- _TASK DETAILS_
Omitting all images, transcribe the listing word for word.

- _INFORMATION PROVIDED_
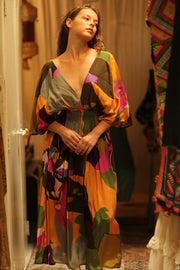 ZURI SILK DRESS CARNIVAL - sustainably made MOMO NEW YORK sustainable clothing, Boho Chic Dress slow fashion
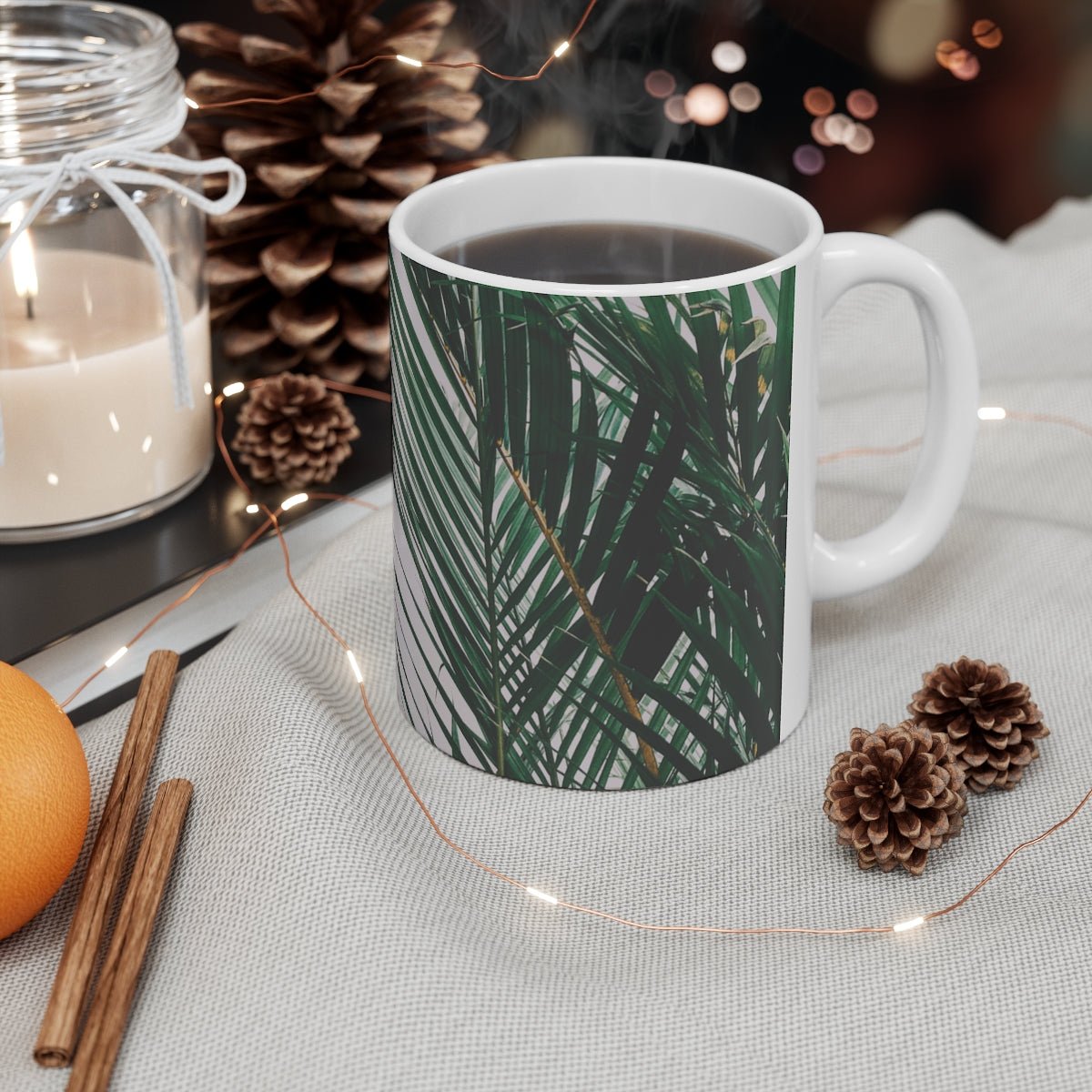 11oz Mug Mahalo Mode Palm Leaf Global Village Kailua Boutique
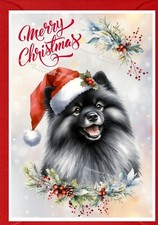 Keeshond Dog Christmas Card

- _RESPONSE TO THIS EXERCISE_
 ZURI SILK DRESS CARNIVAL - sustainably made MOMO NEW YORK sustainable clothing, Boho Chic Dress slow fashion
 11oz Mug Mahalo Mode Palm Leaf Global Village Kailua Boutique
 Keeshond Dog Christmas Card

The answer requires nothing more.